__WHAT TO WORK ON__.
Output every entry below word for word, without its pictures.

Records contained in a dataset:

----

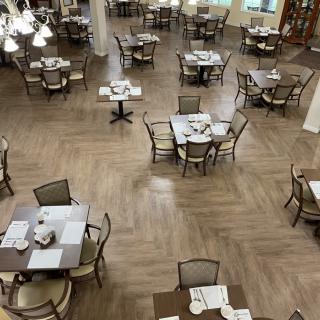 An empty restaurant dining area with neatly arranged tables and chairs.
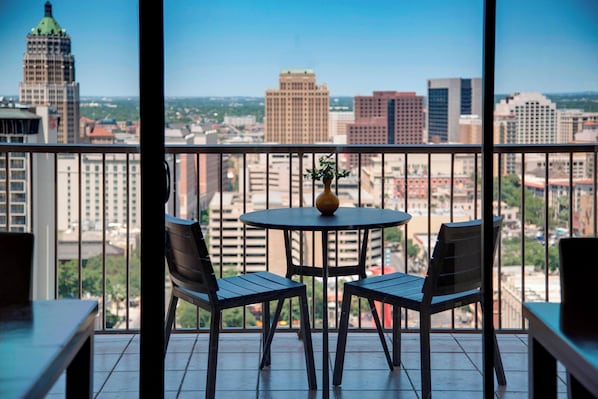 A balcony with two chairs and a table, overlooking a cityscape with various buildings.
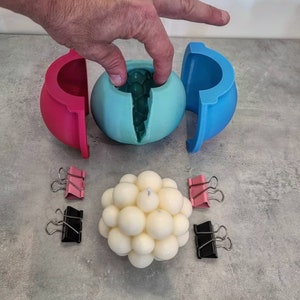 May include: A teal blue silicone mold for making a round candle. The mold is split in half and is open to show the inside. The mold is sitting on a white surface with a white candle made in the mold. The candle is made of small white balls.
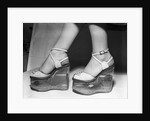Woman wearing aquarium wedged shoes by Anonymous
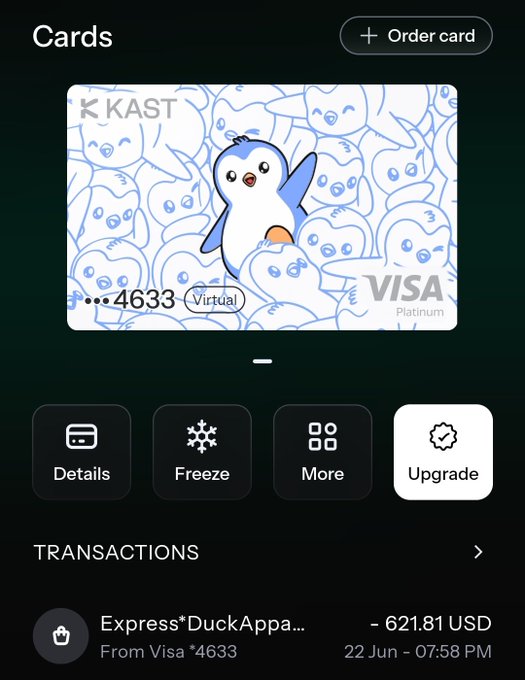 The image shows an app screen with a credit card reader displayed. The main focus of the image is a penguin design on the credit card reader's background. The text on the screen indicates that the user has successfully used their KAST x pudgypenguins card for transactions, and the cashback was credited immediately after the payment. The app also provides information about the cashback process and how to use it correctly.
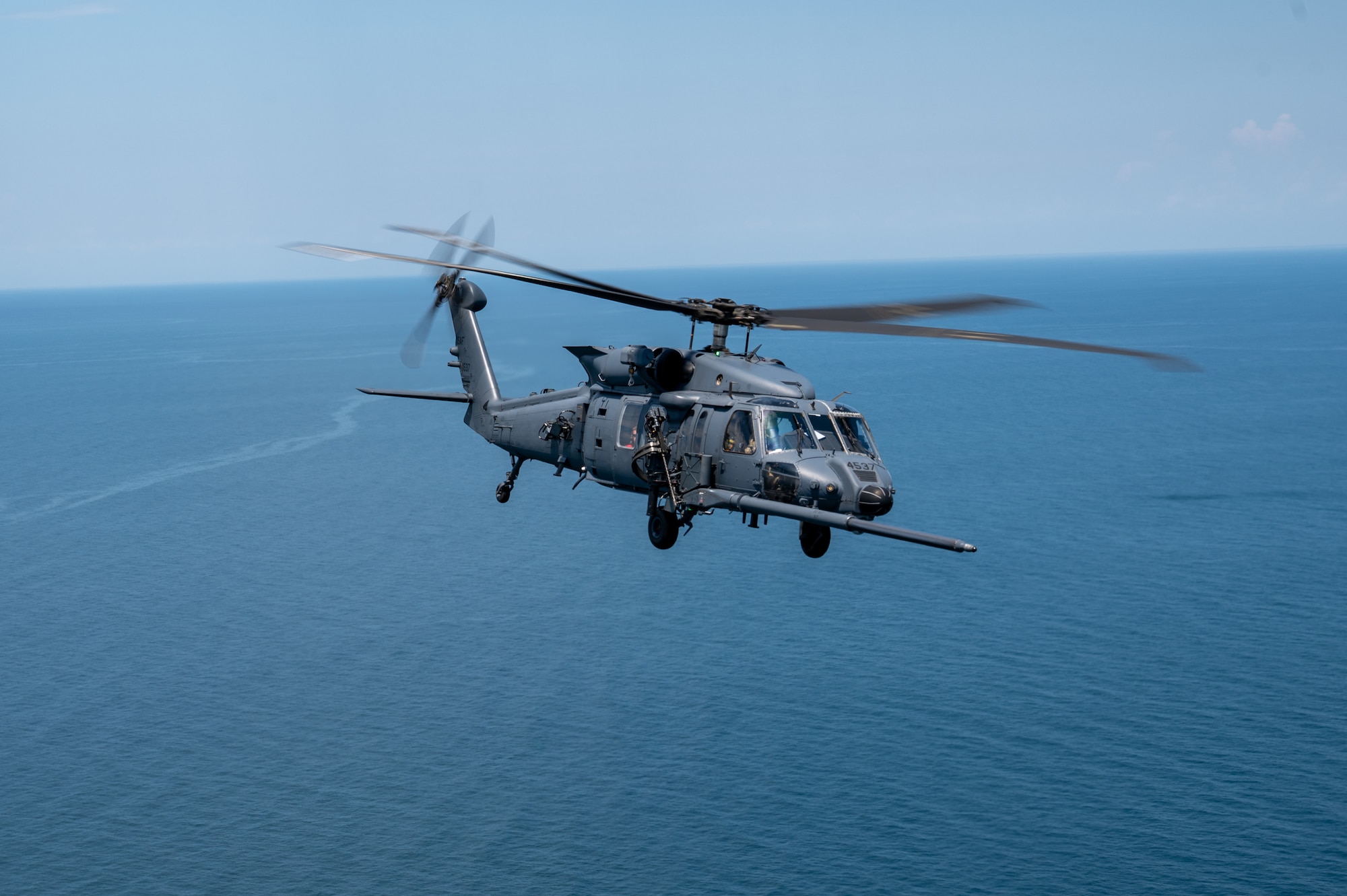 Helicopter flies over the sea.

----

__RESPONSE TO THIS EXERCISE__.
 An empty restaurant dining area with neatly arranged tables and chairs.
 A balcony with two chairs and a table, overlooking a cityscape with various buildings.
 May include: A teal blue silicone mold for making a round candle. The mold is split in half and is open to show the inside. The mold is sitting on a white surface with a white candle made in the mold. The candle is made of small white balls.
Woman wearing aquarium wedged shoes by Anonymous
 The image shows an app screen with a credit card reader displayed. The main focus of the image is a penguin design on the credit card reader's background. The text on the screen indicates that the user has successfully used their KAST x pudgypenguins card for transactions, and the cashback was credited immediately after the payment. The app also provides information about the cashback process and how to use it correctly.
 Helicopter flies over the sea.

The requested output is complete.